El Chellah vivió tiempos mejores. Y peores, cabe añadir. Como dijo Y., a modo de resumen, se trata de un hotel muy tangerino. Tan decadente como esta ajada ciudad, que es lo que cuenta. El cuarto no era lujoso, pero estaba limpio. Nos dieron una habitación de las reformadas, según nos explicaron en recepción. No quisimos imaginar cómo eran las antiguas. El aire acondicionado funcionaba, y no era poco. Sí, el calor húmedo, excesivo para un mes de junio en Tánger, impedía los movimientos y ha sido el único obstáculo: pasear, por ejemplo, era una temeridad, más para quienes sudamos en exceso. 
Llegamos muy tarde; sin embargo, la cocina estaba abierta. Hasta la una de la madrugada, nos dijeron. Eran las cuatro de la tarde hora local, una más en España. Disfrutamos en la terraza del jardín (un espléndido oasis dentro de Tánger) de una ensalada y unos calamares que no desmerecerían en ningún chiringuito de la costa andaluza. La fritura, perfecta. Tras un rato de descanso en el cuarto, bajamos a la piscina. En vano, cerraba a las seis de la tarde. Después, al atardecer, nos atrevimos a dar un largo paseo por los alrededores del hotel. Por el Tánger de toda la vida, donde las múltiples reformas y añadidos no han llegado aún. Ni las obras del acerado. Ni las grúas de las nuevas construcciones: edificios, hoteles. La ciudad ya alcanza el millón de habitantes. Pronto desaparecerá salvo por la medina, los zocos y la kasbah la que tantos hemos mitificado. 
En un bakalito nos hicimos con gel de avena para la ducha de la marca Instituto Español. 
Habíamos quedado con Piqueras en el citado jardín para la cena. A él lo conoce uno desde hace mil años, cuando era novio de una placentina y se me acercó en la segunda planta de la desaparecida librería Cervantes para presentarse. Estuve en el Palace el día que le entregaron el premio Loewe. Cantó Aute. Cuando llegamos, ya estaban sentados en una mesa larga Alba Cid, Biel Mesquida, Àngels Gregori (que nos había saludado a su llegada, en recepción, comisaria, a la sazón, de este Festival con sede, además de en Tánger, en El Cairo, Alejandría, Atenas y Ammán), la becaria Diana Carolina Gómez (que se ocupó solventemente de las necesarias labores de intendencia: alojamiento, billetes, etc.), Sheila Blanco y Juan, su novio y representante, la madre de éste y no sé si alguien más (perdón). Pedimos pescados y pagamos a escote. Esa fue la primera de cinco noches en que disfrutamos de ese lugar donde el dueño del hotel, su hijo y un grupo musical interpreta en directo jazz, boleros... Bueno, a veces suben al escenario artistas invitados, como la propia Sheila y, el último día, alumnos de una escuela de música. 
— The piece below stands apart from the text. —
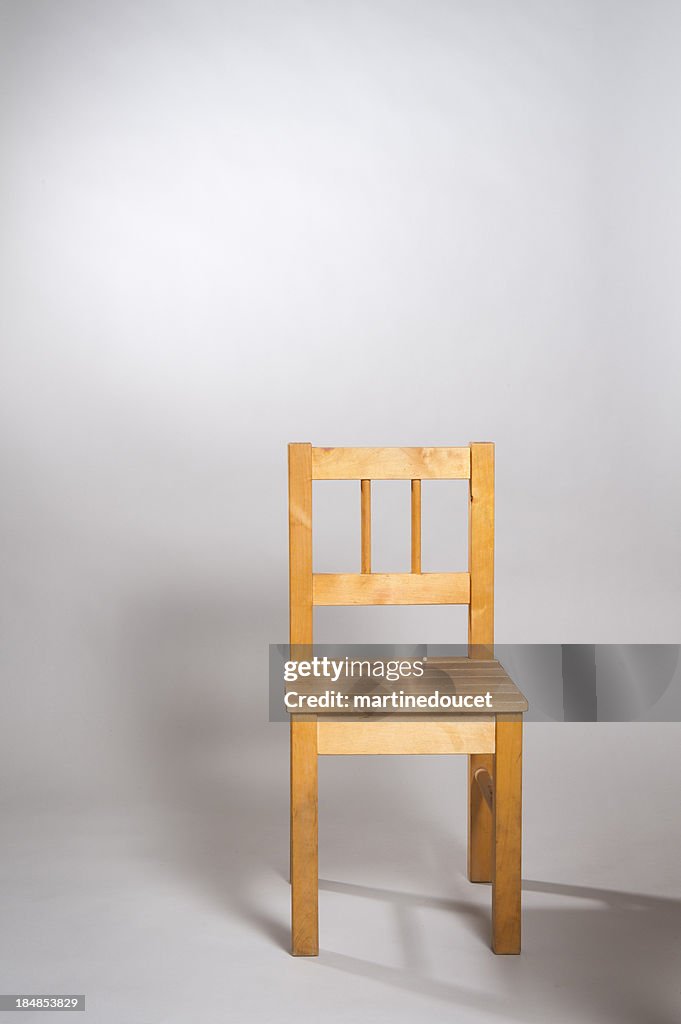 Wooden chair on gray background.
La parrilla (para el pescado fresco) y una temperatura suave hacen el resto. Y, añado, unos camareros (casi un ejército) muy profesionales y amables. La amabilidad, por cierto, ha sido una de las grandes alegrías del viaje: todo el mundo (taxistas, vendedores, empleados...) y, por supuesto, cualquiera al que te encontraras, actuaban con una cordialidad exquisita. Natural, diría. Si, además, se daban cuenta de nuestra condición de españoles o Y. les comentaba que era tangerina de nacimiento (tanjawi, como dicen ellos, el título de una suerte de memorias de Wenceslao-Carlos Lozano, que quiero leer), ya... 
En ese jardín y esa noche pude saludar personalmente de Alberto Gómez Font, un barcelonés muy tangerino que me consiguió hace poco el número de la revista Sures dedicado al hotel Minzah. 
También esa noche descubrimos la cerveza Casablanca (marroquí, por supuesto), que no dejó de acompañarnos el resto del viaje. 
Dio tiempo a que Àngels Gregori nos contara su desagradable peripecia en la Fundación Francisco Brines (ella es también de Oliva, donde tenía su casa el poeta, sede de la misma, que dirigió cuando fue creada) y a cambio nosotros le contamos nuestra relación con un autor que no he dejado de admirar, con una obra esencial para mi poesía y, en consecuencia, para mi vida. Y hasta jugamos. Piqueras propuso que cada uno recomendara una lectura reciente y la defendiera. Uno eligió Las sílabas del cielo, de otro salmantino: Víctor Herrero.